Brown University Demoted Women’s Teams, Now Must Explain


Brown University faces a deadline Friday to turn over documents explaining why it eliminated five varsity women’s teams this spring, the latest twist in a landmark case over gender parity in college sports.

The Ivy League school in May announced plans to change the teams’ status from varsity to club, along with six men’s teams, to spend more money on other sports. After a backlash, Brown reinstated three of the men’s teams -- cross country and indoor and outdoor track and field.

That threw it out of compliance with a gender standard in a 1998 settlement it reached with a group of female athletes, according to Public Justice and the American Civil Liberties Union of Rhode Island. In June, the plaintiffs asked a federal court in Providence to enforce the pact. The judge then called for the documents.

The papers will offer insight into how Brown chose which teams to cut -- a decision that Ellen Staurowsky, an expert on gender equity and Title IX in sports at Drexel University, says could use some sunlight. Title IX is the federal law barring sex discrimination at schools.

“It’s completely unclear to me how they’re abiding by anything in that settlement agreement,” Staurowsky said.

The five women’s teams were equestrian, fencing, golf, skiing and squash.

The settlement, reached after the athletes sued Brown, has served as a road map for Title IX compliance for college athletic departments across the country. It requires that if Brown cuts any intercollegiate women’s teams, each gender’s representation in the athletic program be within 2.25% of its share of the undergraduate student body for the year.

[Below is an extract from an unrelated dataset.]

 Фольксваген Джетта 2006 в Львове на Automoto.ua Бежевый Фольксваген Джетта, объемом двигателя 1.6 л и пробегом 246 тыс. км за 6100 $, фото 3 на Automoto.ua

Public Justice and the ACLU say Brown’s move will cause irreparable harm to the female athletes by decreasing the level of competition and making it harder to be recruited.

College sports departments will be watching for the outcome, said Barbara Osborne, a professor of sport administration at the University of North Carolina at Chapel Hill.

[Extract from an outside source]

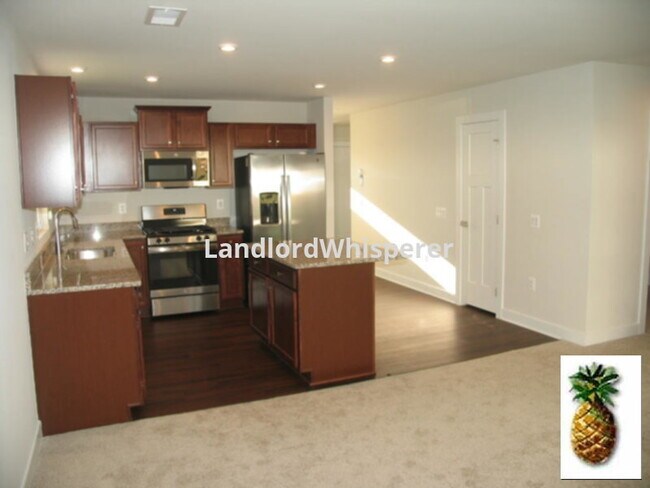 Building Photo - 25 Pine Knot Dr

If the court says “the most important thing is just compliance and we don’t care what you do to be compliant, then that leaves schools with a lot of leeway,” Osborne said. “If they say no, this is the plan you’ve agreed to,” then “schools need to be on alert that if they are thinking about cutting programs, unless they are in Title IX compliance, they will lose their lawsuits.”

The plaintiffs are “asserting a hypothetical violation” that the school wouldn’t allow and “asking Brown to see into the future to provide data on rosters for the coming year,” spokeswoman Cass Cliatt said in a statement. She said they are doing so “at a time when a pandemic has created tremendous and unprecedented uncertainty around college enrollments and the status of athletic competition for the fall season.”

Brown says it will fulfill the accord with a new varsity sailing team with 25 women. The plaintiffs say Brown can’t comply by invoking a team that doesn’t exist.